> _Exercise prompt_: Retype the lines below exactly, but only those from the line that has "Weihnachtsmarkt Trient Guide" through the line that has "Full Bloom - Tough Case". Omit every picture.
**** Extracted material
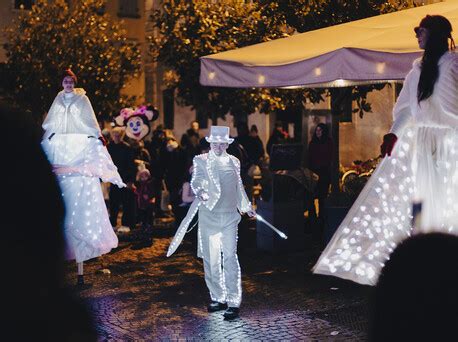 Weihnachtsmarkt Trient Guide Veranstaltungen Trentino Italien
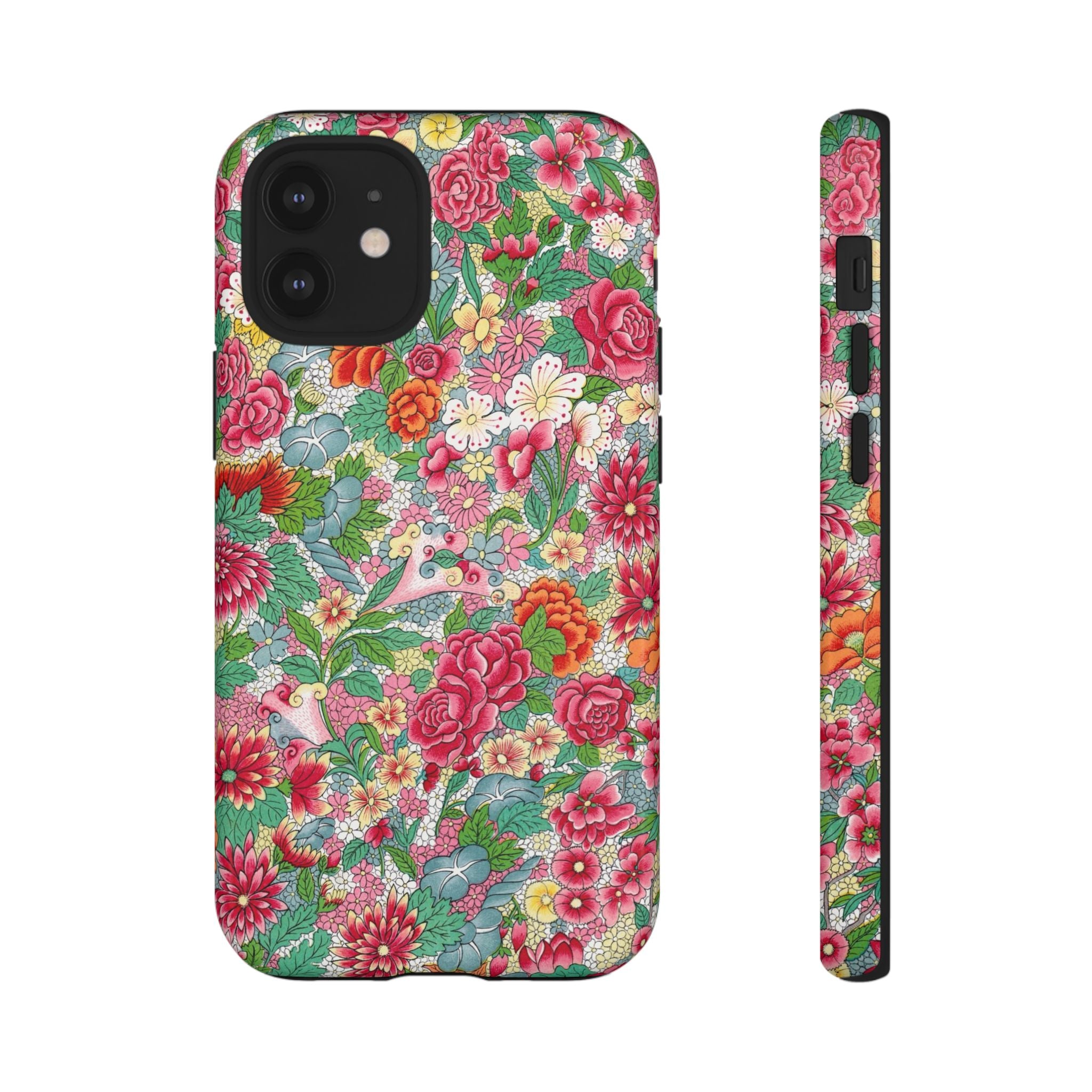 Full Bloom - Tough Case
********
**** Extracted material
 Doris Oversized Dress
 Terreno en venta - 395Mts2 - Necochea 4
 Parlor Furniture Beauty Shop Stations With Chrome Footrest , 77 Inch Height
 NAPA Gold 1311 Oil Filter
********
**** Extracted material
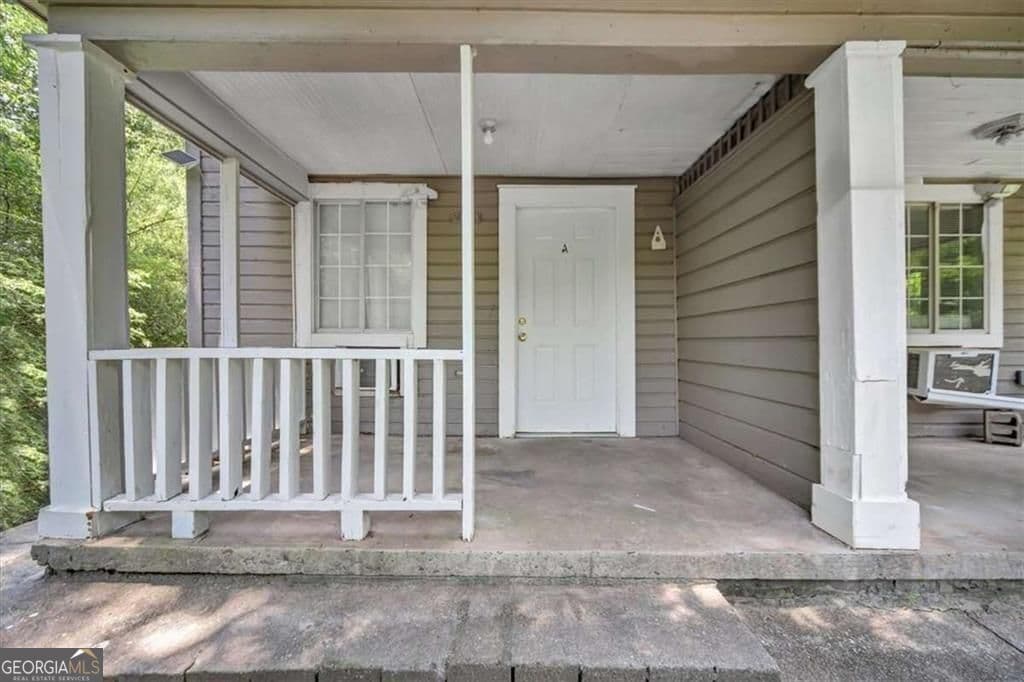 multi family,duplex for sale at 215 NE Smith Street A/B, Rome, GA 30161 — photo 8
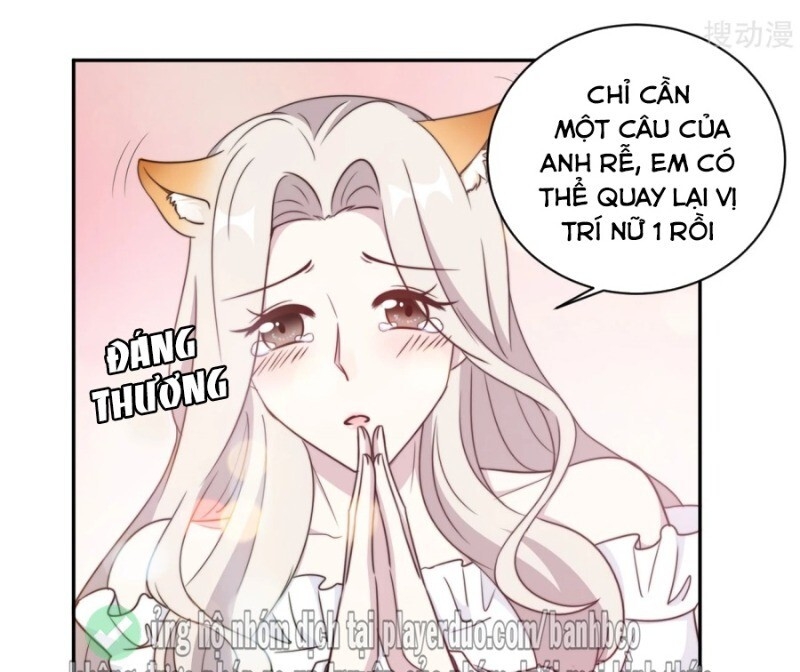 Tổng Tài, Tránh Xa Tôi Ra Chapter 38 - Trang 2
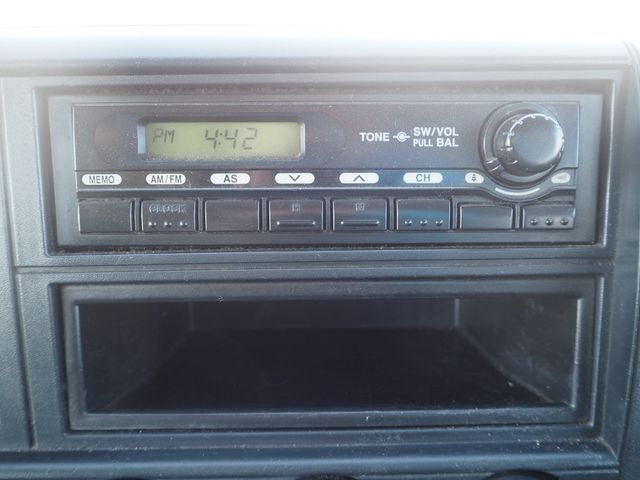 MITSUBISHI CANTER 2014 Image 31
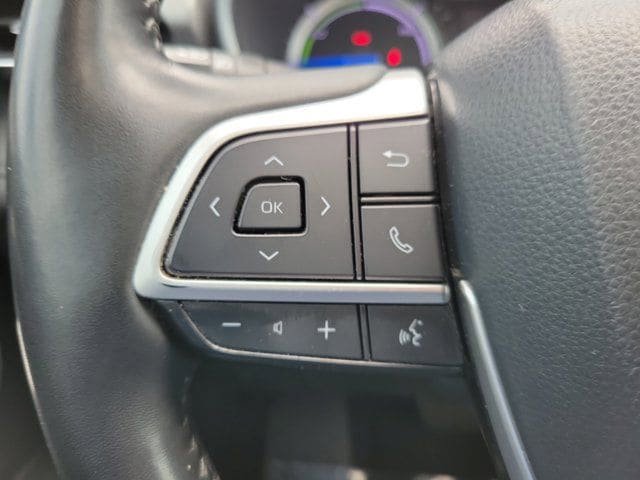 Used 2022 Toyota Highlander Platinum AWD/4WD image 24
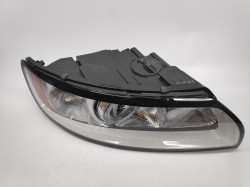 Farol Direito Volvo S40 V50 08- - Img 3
********
> _Written answer_:
 Weihnachtsmarkt Trient Guide Veranstaltungen Trentino Italien
 Full Bloom - Tough Case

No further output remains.